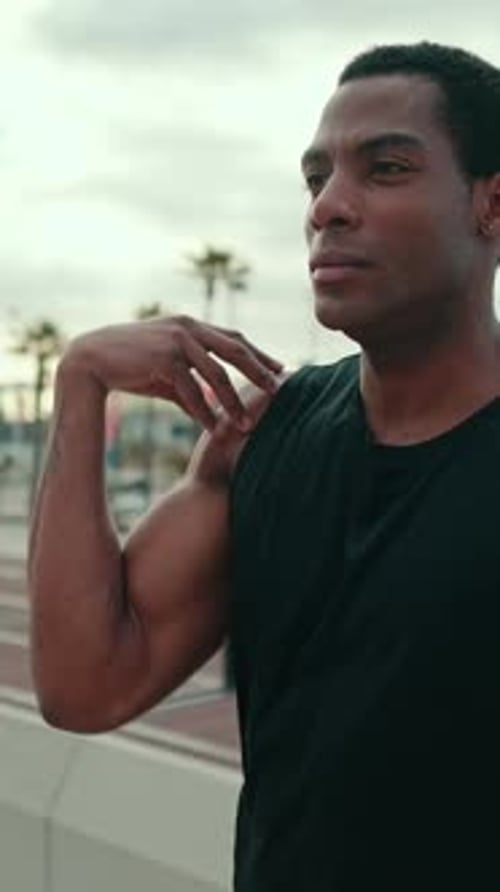 Vertical video, Fit African American Man Stretches at Harbor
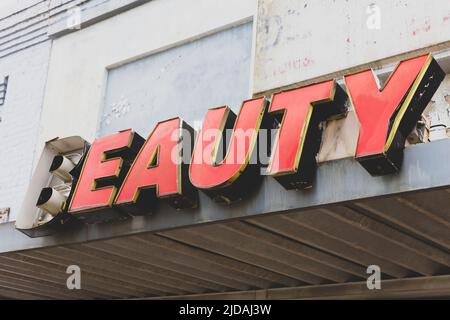 Vecchio segno DI BELLEZZA di fronte al grande magazzino abbandonato, scritta rossa. Foto Stock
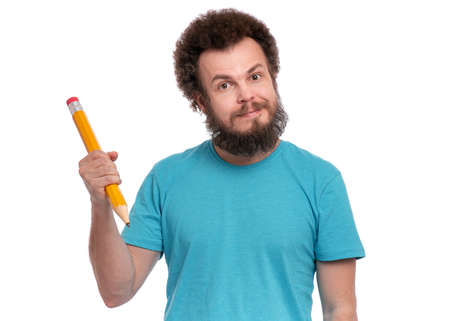 Crazy bearded Man with funny Curly Hair holding Big Pencil, isolated on white background. Happy Guy looking at camera.の写真素材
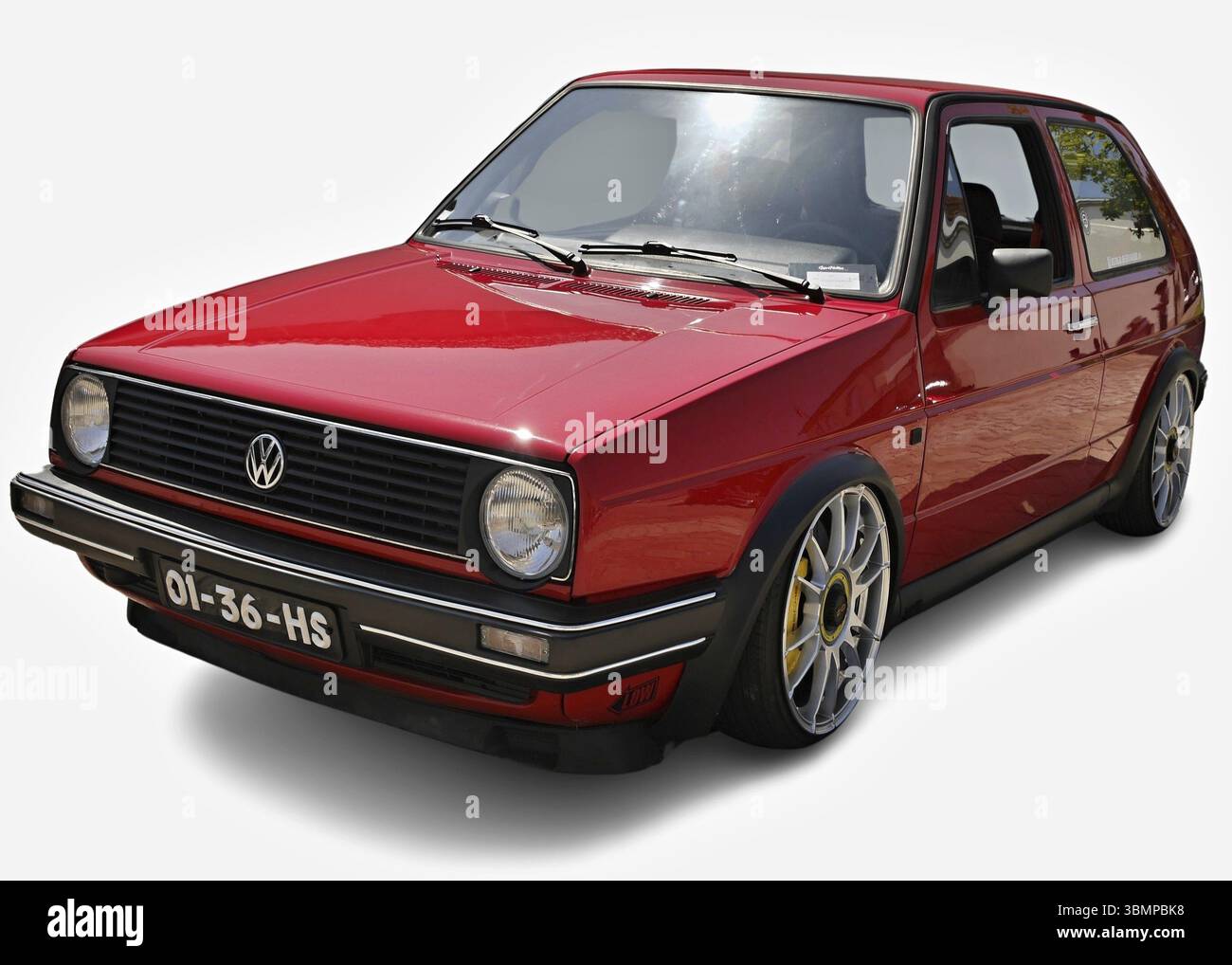 Customized red Volkswagen Golf GTI Mk2 parking on a white background Stock Photo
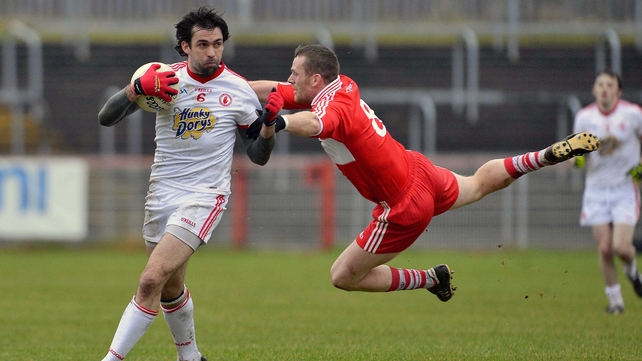 Tyrone's Joe McMahon and Paddy Bradley of Derry battle for possession in Healy Park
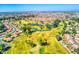 Stunning aerial view showcasing the golf course community, lush landscaping, and picturesque homes at 2608 Leisure World --, Mesa, AZ 85206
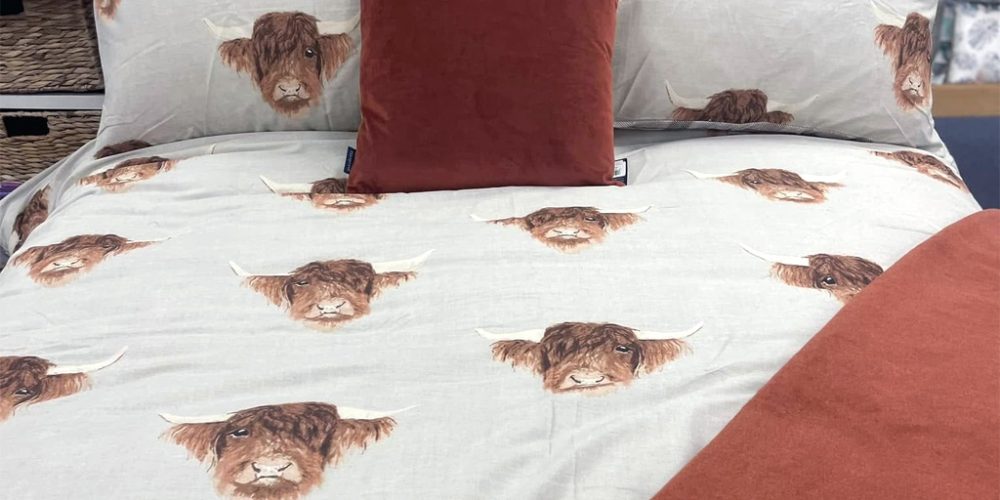 highland cow bedding set with matching pillows and cushion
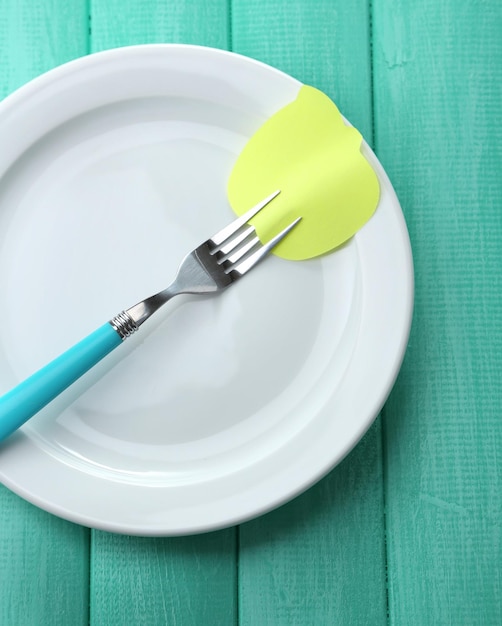 Empty note paper attached to fork on plate on color wooden background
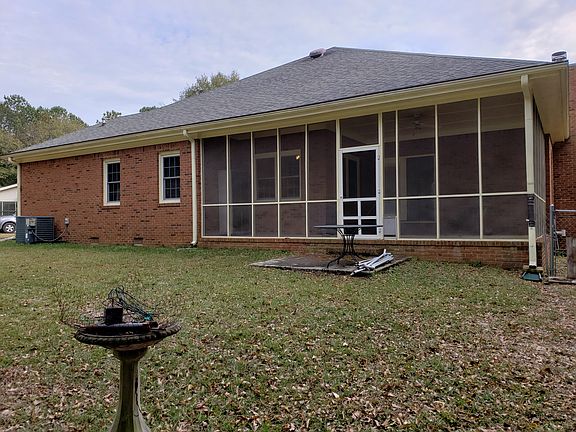 Rear with screened porch 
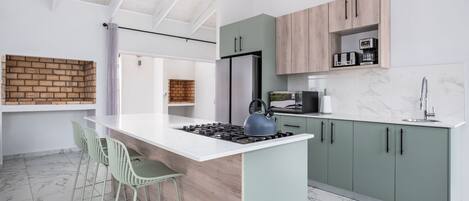 A modern kitchen with a central island, green bar stools, and a brick accent wall.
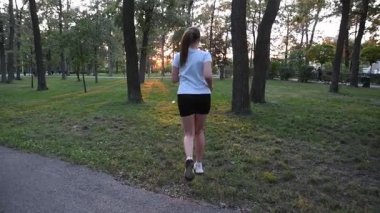 Gün batımında şehir parkında kameradan kaçan genç bir kadın. Ilık akşam ışığı ile yavaş çekim geri bakış sinematik ve ilham verici bir atmosfer yaratır. Fitness, özgürlük ve sağlıklı yaşam tarzı kavramları için ideal..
◇ ◇ ◇
Output nothing but the entries above, exactly, once the pictures are removed.

 Vertical video, Fit African American Man Stretches at Harbor
 Vecchio segno DI BELLEZZA di fronte al grande magazzino abbandonato, scritta rossa. Foto Stock
 Crazy bearded Man with funny Curly Hair holding Big Pencil, isolated on white background. Happy Guy looking at camera.の写真素材
 Customized red Volkswagen Golf GTI Mk2 parking on a white background Stock Photo
 Tyrone's Joe McMahon and Paddy Bradley of Derry battle for possession in Healy Park
 Stunning aerial view showcasing the golf course community, lush landscaping, and picturesque homes at 2608 Leisure World --, Mesa, AZ 85206
 highland cow bedding set with matching pillows and cushion
 Empty note paper attached to fork on plate on color wooden background
 Rear with screened porch 
 A modern kitchen with a central island, green bar stools, and a brick accent wall.
 Gün batımında şehir parkında kameradan kaçan genç bir kadın. Ilık akşam ışığı ile yavaş çekim geri bakış sinematik ve ilham verici bir atmosfer yaratır. Fitness, özgürlük ve sağlıklı yaşam tarzı kavramları için ideal..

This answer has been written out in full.